From the days of Sang Nila Utama (1300s) to Sir Stanford Raffles (1819) to British Malaya to Malaysia (1963) and finally as an independent nation, Singapore (1965) has been home to migrants from all over the world.
Singapore's early days as a trading post attracts people from all walks of life who seek their fortune in faraway land. Some choose to remain while others become the 'transit' population. The former become citizens in their newfoundland and the latter live here as their place of convenience until they discover their ultimate dreamland.
The underlying attraction was economics and commerce.
In the early days when communication was difficult and news about opportunities were scarce, it was the traders and seafarers who, having been to the hugely successful trading port called Singapore, brought news home and informed their fellowmen that opportunities abound in this sounternmost island; henceforth, it was a trip to 'Nanyang' meaning 'Southern Ocean' which refers to Malaysia, Borneo and Singapore, for those who want to seek fame and fortune. The strategic location of Singapore was, and still is, a plus point.
In our globalise world today, the seamless electronic age has made the world a much smaller place as information avails with the press of a button.
Every country is looking at ways and means of not only attracting , but retaining, talents as well. Having said this, you cannot have all leaders and no foot soldiers if the force is to remain latent and relevant. In simple term, we need brains and brawns to be complete.
So, why is there so much detestation and animosity toward foreigners who come to Singapore to work with a view to settle down when time and opportunity permits? Is it purely economics? Or?
Let us take a look at some possible causes and explanations:
It is the work of all governments to attract as many talents as possible to their country to help maintain, improve, valueadd and create a wholesome. productive population capable of producing more with less, that is, to raise the standards of living while managing the costs of living. This is almost perfect except Singaporeans seem unable to fathom why foreign workers are deployed in all levels of employment, including lower and unskilled workers. I guess when you talk about foreign talents, you are refering to more brains than brawns and this equation does not always equal! The fault seems to be the over weightage given to, and overuse of this term "foreign talent".
Yes, we need talents but every society and population is shaped like a pyramid, with more at the base and lesser as you move up the ladder. Similarly, every foreigner who are willing to toil with,and contribute to, us, be it skill or un-skill labour should be welcomed to plug our deficiency in supply.
At a given level of remuneration, if there is work to be done, someone has to do the job otherwise the economy will stall and regress. If jobs abound and Singaporeans feel the position is underpaying then why is it the job is still attractive to foreigners who have to uproot themselves and part with their family to fill in the 'low paying' job? I guess the underlying cause is the managing of expectations.
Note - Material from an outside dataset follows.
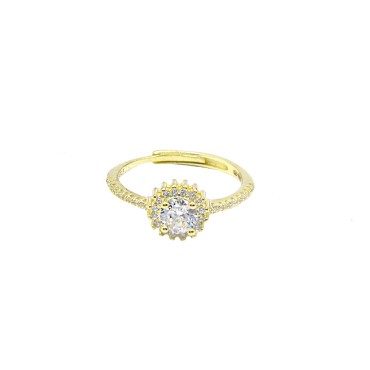 Anello regolabile mezza vera con tondo centrale zircone bianco in cornice di zirconi bianchi placcato oro giallo.in argento925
You either have a combative and protective labour movement or a cohesive one that works to achieve harmony and equity in lieu of competition. The choice is clear.
Should any governments bar or restrict any labour with good, useful, willing and relevant skills from working in their country in order to protect their population? For optimal allocation of resources, the answer is no. We are living in a highly competitive world. We should progress and move ahead to grow the economy, then use (some of)the surplus to help those left behind. They are our fellowmen and they must receive a helping hand! More importantly with our migrant co-workers, Singapore will be more competitively priced to take on the challenges ahead.
What can Singapore offer to attract foreigners of all level to come here to work? Plentiful, I guess. But, there are also many competing nations who have deeper pockets and attractive policies to attract and retain them. The edge, I guess is, apart from suitably tuned policies, Singapore is being considered because of a fairly similar culture, language and religion. They are following our ancestors' footsteps; coming here to seek a decent living, and hopefully, fame and fortune.
Our ancestors were once foreign workers and talents in 'their' newfoundland called Singapore. They came, they saw, they toiled and they settled down and started their families. They strove to be wanted and accepted. They faced the same challenges as the migrant workers today.
Looking at history, all the complaints about the foreign workers, be they talented or not, in Singapore, are not going to change or dent the flow of migrant workers; let us live up to the challenges and accept what we cannot change and work towards a bigger pie so that we have more to share.
Our ancestors were Foreign Talents when they arrived in Singapore. Their families and friends came as foreigners to settle down and long after they were gone, we are still here ... and we are the proud, capable and able Singaporeans.
SINGAPOREANS - Are you a Foreign Talent, Foreigner or Local? I am definitely Singaporean and I hope you are one too.
We have a choice; Majullah Singapore!